If China decides to invest in TAPI, the pipeline could come to life. China has easy entrée to Ashgabat and Islamabad, and the Taliban will listen attentively. China could certainly commit the funds and the manpower to construct a true export route beyond Afghanistan and into Pakistan and have it poised for future India supply. A leading Chinese role would raise concerns for Indian politicians, but India has always been a small-equity, late-phase player in this project, so China would be able to proceed undeterred.
China would not care about sanctions on the Taliban. Beijing would no doubt insist on a unifying managerial role, in practice if not on paper, to make the pipeline functional. The question is, why would China do this? The project economics are risky, given the uncertainty of payment for gas shipped to Afghanistan and Pakistan. Return on investment might be positive, assuming cut-rate prices for Turkmen gas and cut-corner construction on the pipeline itself, but that is by no means clear. Without a solid understanding of upstream and construction costs alike, the participants in TAPI could find themselves facing negative netbacks.

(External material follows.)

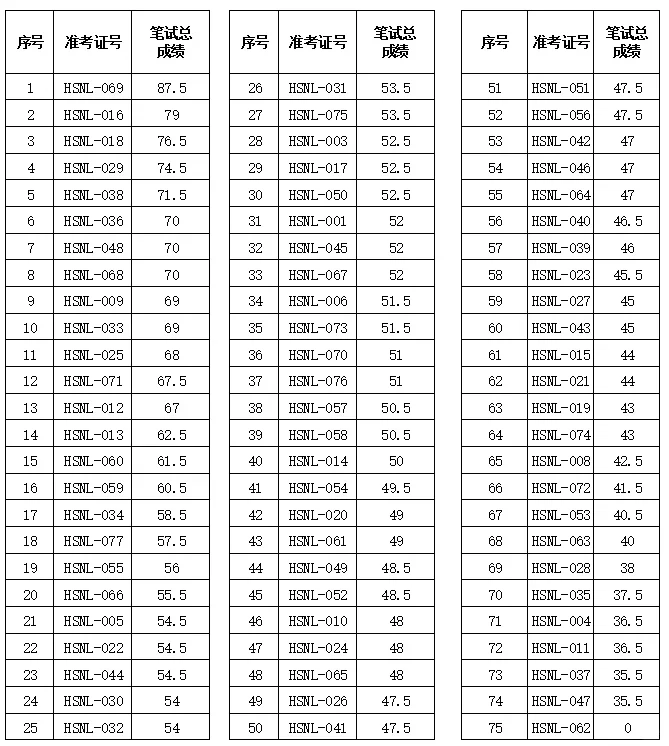 海港区南岭路幼儿园教师招聘笔试成绩公示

Geopolitics is a more plausible motive than profit for Beijing to undertake TAPI, but China already enjoys longstanding leverage in Turkmenistan and Pakistan. The incremental political gain for China would be slight, and thus the odds of political TAPI may be long indeed.
If China chooses not to step in, then look for continued wheel-spinning or, at best, a Potemkin TAPI. Meanwhile, the ADB will continue to jolly the Turkmen along, and Turkmen officials, fearing the wrath of Berdimuhammedov, will keep staging photo ops and hoping for the day when even minimal volumes make it across the border to Afghanistan.
Will a Taliban victory advance TAPI? In one regard, the answer is yes: the end of large-scale combat in Afghanistan will ameliorate one of the longstanding obstacles to TAPI, the fear of hostilities preventing construction and impacting pipeline operations. But the ascent of the Taliban will do nothing to address the project’s dire flaws, including financing, bankability, and pipeline ownership and operation. On top of that, the severe sanctions on the Taliban introduce a new deal-breaker. As has been the case with the Trans-Caspian Pipeline, Turkmen insistence on unworkable governance and financing structures has caused delays and intensified downstream competition.
The ADB and other project participants have, at Turkmen insistence, treated TAPI as if it is exempt from the commercial and operational logic that applies to other oil and gas export pipelines. It isn’t, and at this juncture, Washington, as the largest shareholder—along with Japan—in the ADB, needs to reorient its stance to reflect that reality. It can either use the ADB’s support for TAPI as (admittedly modest) leverage on the new Kabul regime—though TAPI support may in any case now be legally impossible—or, more productively, it can join with other shareholders and have the Bank prioritize Turkmen investment reforms that might actually attract serious private sector players to gas export projects.
Steven Mann is a retired American diplomat and former ambassador to Turkmenistan. From 2009 to 2020, he was a senior advisor with ExxonMobil Corporation.